Mai squinted, looking a little closer at the pair of men. While the one in front looked respectable enough, Ty Lee was right about the one in the back. His sleeves looked like they had been torn off rather than properly hemmed and he did have a tattoo on his shoulder, a funny sort of symbol that looked a bit like someone had inked in the character for dock and then decided they would rather have a bird.

"I'll ask my sisters and see if any of them have seen a tattoo like that before," Ty Lee said.
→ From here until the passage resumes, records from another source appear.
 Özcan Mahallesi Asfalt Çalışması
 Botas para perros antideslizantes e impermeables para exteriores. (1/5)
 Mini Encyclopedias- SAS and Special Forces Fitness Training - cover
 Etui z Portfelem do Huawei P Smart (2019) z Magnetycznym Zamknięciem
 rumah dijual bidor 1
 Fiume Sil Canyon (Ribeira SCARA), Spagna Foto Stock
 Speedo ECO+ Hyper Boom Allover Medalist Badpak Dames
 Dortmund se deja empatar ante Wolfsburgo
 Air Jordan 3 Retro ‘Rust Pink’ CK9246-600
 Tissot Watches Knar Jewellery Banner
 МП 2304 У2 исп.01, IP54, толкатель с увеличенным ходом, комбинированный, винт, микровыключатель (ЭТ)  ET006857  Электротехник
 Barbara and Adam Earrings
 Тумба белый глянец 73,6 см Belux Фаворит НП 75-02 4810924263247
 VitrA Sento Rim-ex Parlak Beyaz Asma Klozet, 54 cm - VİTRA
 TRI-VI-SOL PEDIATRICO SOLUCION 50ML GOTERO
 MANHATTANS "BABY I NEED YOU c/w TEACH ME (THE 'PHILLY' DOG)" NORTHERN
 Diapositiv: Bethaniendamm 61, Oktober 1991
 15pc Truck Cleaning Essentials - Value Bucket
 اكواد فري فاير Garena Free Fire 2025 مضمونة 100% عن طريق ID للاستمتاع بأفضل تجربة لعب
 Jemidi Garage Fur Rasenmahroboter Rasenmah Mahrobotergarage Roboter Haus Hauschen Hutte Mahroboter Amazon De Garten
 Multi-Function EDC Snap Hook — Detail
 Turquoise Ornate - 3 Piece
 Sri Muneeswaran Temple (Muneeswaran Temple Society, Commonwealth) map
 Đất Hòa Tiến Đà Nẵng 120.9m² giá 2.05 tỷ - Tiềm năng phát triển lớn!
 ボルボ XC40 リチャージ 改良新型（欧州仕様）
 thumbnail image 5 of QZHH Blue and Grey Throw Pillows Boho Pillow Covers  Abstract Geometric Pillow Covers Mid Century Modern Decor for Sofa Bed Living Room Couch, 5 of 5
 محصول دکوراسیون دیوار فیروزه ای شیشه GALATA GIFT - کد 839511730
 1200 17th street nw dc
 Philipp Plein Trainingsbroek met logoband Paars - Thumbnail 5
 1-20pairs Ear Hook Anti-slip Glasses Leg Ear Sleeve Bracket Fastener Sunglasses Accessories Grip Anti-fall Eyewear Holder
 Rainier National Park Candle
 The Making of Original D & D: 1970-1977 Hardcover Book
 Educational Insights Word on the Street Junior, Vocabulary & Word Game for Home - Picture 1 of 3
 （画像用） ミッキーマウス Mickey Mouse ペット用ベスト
She sounded thoughtful rather than enthusiastic, and Mai wondered what had happened in the little acrobat's mind to make her start taking this seriously. "That way we can find out who's coming to visit!" And there was the enthusiasm, back with full force.

"I'll ask around the school," Mai said, knowing that her parents were likely to disapprove of such unladylike ventures as tracking down suspicious characters. "If you could draw me a picture of that symbol to take around it would help." Mai's calligraphy was good enough, but her drawing skills were rather lacking and she knew that if she attempted that bird it would come out looking like it had been squashed.

"That's a good idea," Ty Lee said. "I'll ask at school too."

Mai thought it was rather unlikely that any of the girls Ty Lee's age would be allowed out unsupervised long enough to notice a tattoo like that, especially since they would need to go to one of the seedier areas of the Capital to do so, but there was always a chance and no chance, however small, ought to be passed up in an investigation like this. "You do that."

The door was answered and the mysterious visitors ushered inside with what looked to Mai's eye to be an unseemly amount of haste, as though the servant who let them in was nervous that someone would notice them if they spent to long standing on the doorstep. "Have your neighbors ever had visitors like this before?"

"I don't know," Ty Lee said. "I've never watched before." She flipped back onto her hands and giggled. "This gets more fun every minute!"

Mai had had too many lessons on etiquette drilled into her by her mother to do anything more than smile but she privately agreed.